I keep having dreams that I'm drinking. 3 nights in a row now. Surprised it took this long for them to set in. Weird.

My mom has pressured me again to contact her father (his 85th bday). Her father abused her growing up, and abused me when I was VERY little. We had to live with him when my parents first split up. He beat me and he was very "inappropriate". Don't care to elaborate. I was only 3.

My mom married my step-dad and allowed a LOT of terrible things to happen. Extreme abuse. Again, no need to elaborate... I blame her father for making her the kind of mom that did not protect me. In my mind, she's messed up because of how she was raised. I could not wrap my mind around my mom being so horrible, that she could allow those things to happen to me- and not care. So I gave her that excuse. (an aside, Step-dad is dead. drugs/alcohol. terrible way to die, truly.)

I've asked her over and over not to pressure me to contact him. I think it's really sick to ask your child to have contact with someone who abused them. I'm a survivor. That is SO WRONG! She wants to pretend that everything is hunky-dory, and she's relying on me to help her to seek his approval. If her kids are all successful and wonderful -and her father sees that-- and they kiss his a** too, then she's a "good" daughter. ICKY. Really icky!

This has been so upsetting to me that I have barely had a sober conversation with my mom in years. I know every time we talk, she's going to bring up my step-dad or her father, and try to put some favorable "spin" on it. It crushes me. Why wouldn't it?

I've asked her not to bring them up. I've asked her to just leave it in the past. But she does it anyway. Since I was usually buzzed during our conversations- I could ignore it or let it roll off my back. (Then I'd get off the phone and proceed to get smashed. Never really made the connection... not blaming. It was my way.) I realize now that she was crossing the line on purpose and when I failed to enforce my boundaries- she used that as "proof" and it validated her somehow. I know that may not make sense, but it's hard to describe. She's very manipulative I think. Very harmful to me.
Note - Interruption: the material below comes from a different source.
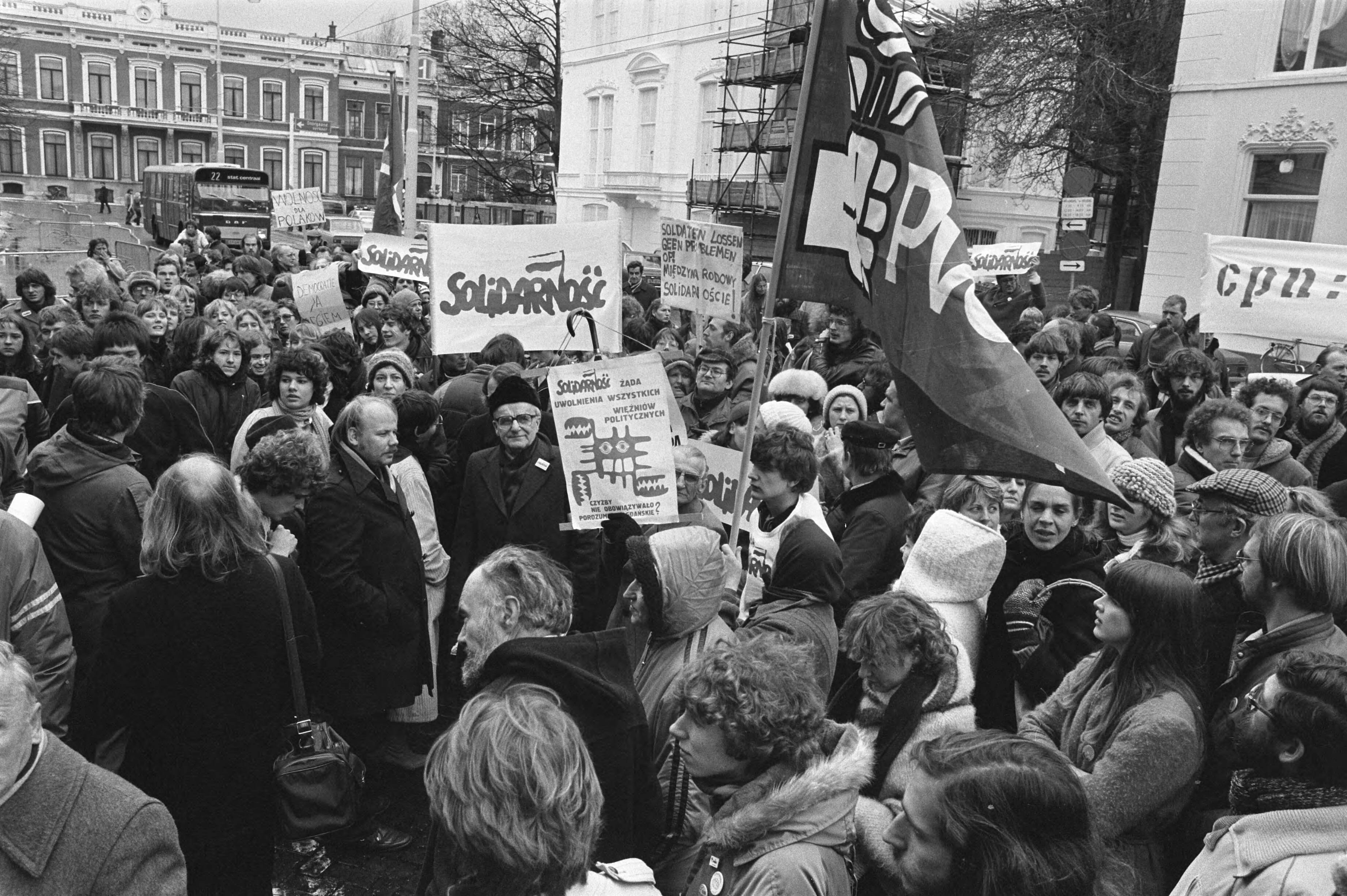 Fotocollectie Anefo — Demonstratie voor Poolse ambassade in Den Haag tegen staat van beleg in Polen. Beelden van de demonstratie — Foto: Bogaerts, Rob / Anefo. Licentie: Set B: Rechtenvrij / Publiek Domein. Bron: Nationaal Archief. http://hdl.handle.net/10648/ad0b4810-d0b4-102d-bcf8-003048976d84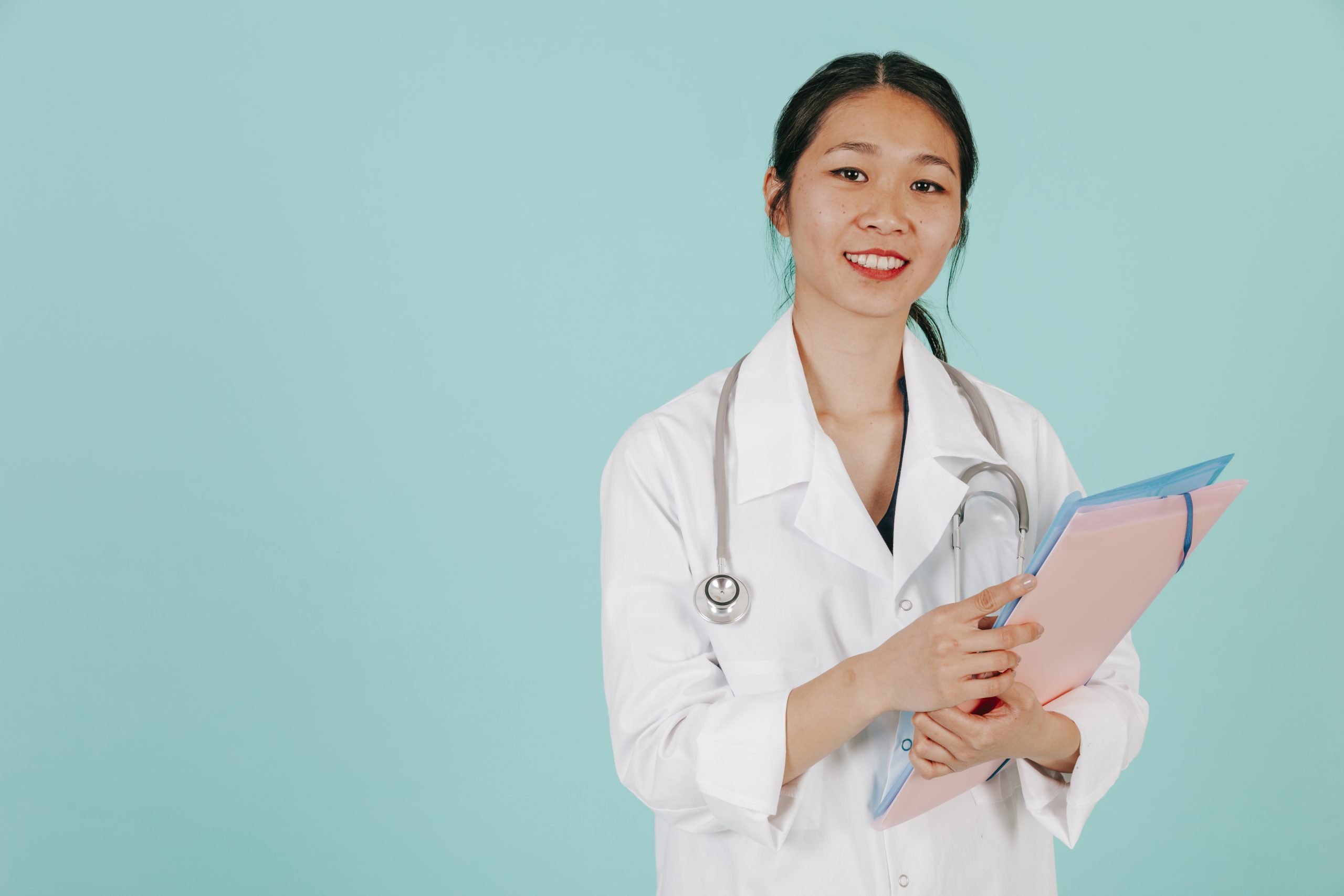 Karier Lulusan Kedokteran: Lebih dari Sekadar Menjadi Dokter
I was sober last year when she came for a visit, and I got so stressed out- I ended up drinking. After I drank, everything went great! Before that, I was really on edge and upset. I was mad at myself for being so unpleasant (just being kind of quiet and not "entertaining" as I've been trained to do). I couldn't figure out why I was being like that. I just didn't have the tools then.

What she's doing to me is wrong. I am really working hard in my sobriety this time. I am digging through the crap that I need to sort out, so that I can stay sober. I have used alcohol to tune things out for a long time. I can't stay sober if I don't deal with these things. I really don't have a choice, and it's pretty hard.

I have to stand up for myself and be real. People might not like it. But, if they'd rather me be "watered down" so they can treat me like shlt- why should I care? Really. (I know that sounds really harsh... But, it's about time!)

*disclaimer- the following is the texting between me and my mom. I'm kinda on the fence about sharing this, and I know this post is getting long. But, I feel really alone in dealing with this, and maybe you guys can help me make sense of things.

When she texted me asking me AGAIN to contact her father, saying "I know he'd love to brag that he heard from you". (ew) And "He's 85, honestly it will probably be his last." and "very frail". I told her none of that makes it okay for her to "disrespect my feelings. Stop pressuring me to have contact with your father. I'm not going to ask again." Her response was "No problem probably won't ever have to remind anyone ever again. Just a fact." WOW.

I said "It's also a fact that he's a child abuser. Every single time you ask this of me, you are asking me to say that the abuse that happened to me is okay. Do you get that? It's not okay. I blame him for making my mom the kind of person that would fail to protect me. Maybe that's a mistake." Oh boy, here we go.... "He'll be gone soon enough and hey, maybe your rotten-ass, no-count, unworthy mom will be gone too! Then you and your sister can have a big party and sing ding dong the F****n witch is dead." Then she typed her phone number with "in case you forgot." ????

I don't call my mom names. I don't yell at her. I don't curse at her. I never have. EVER. I don't even speak to my sister... I don't know why she went there?? It seems like she's trying to make me feel guilty so that I will reassure her. And she's not addressing what I'm saying at all. That's what I'm getting anyway. She has done this to me SO many times, I kind of have no choice but to be blunt at this point- because she's just not getting it. At a certain point, I can't protect her feelings- I have to protect myself.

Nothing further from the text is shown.